What needs to be done.
What you produce should be the lines from the line containing "2017 Ford Explorer" through the last line below, both ends included, reproduced exactly and without pictures.

Data provided.
►

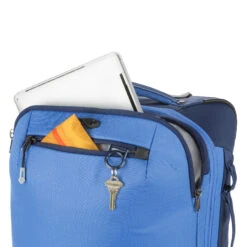 Eagle Creek Expanse 4-Wheel International Carry On - Aizome Blue -Samsonite Store image 1288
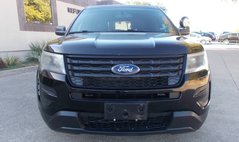 2017 Ford Explorer Police Interceptor Utility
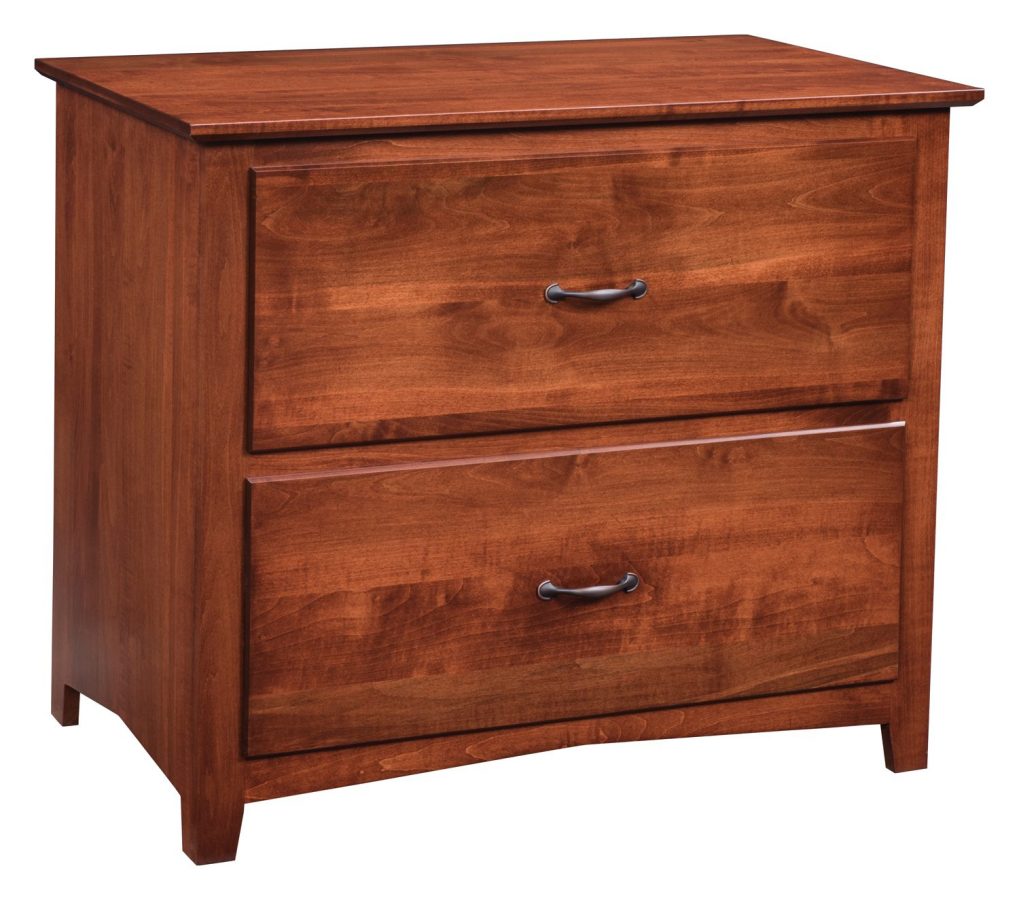 Linwood Lateral 2-Drawer File Cabinet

◄

Result for this task.
 2017 Ford Explorer Police Interceptor Utility
 Linwood Lateral 2-Drawer File Cabinet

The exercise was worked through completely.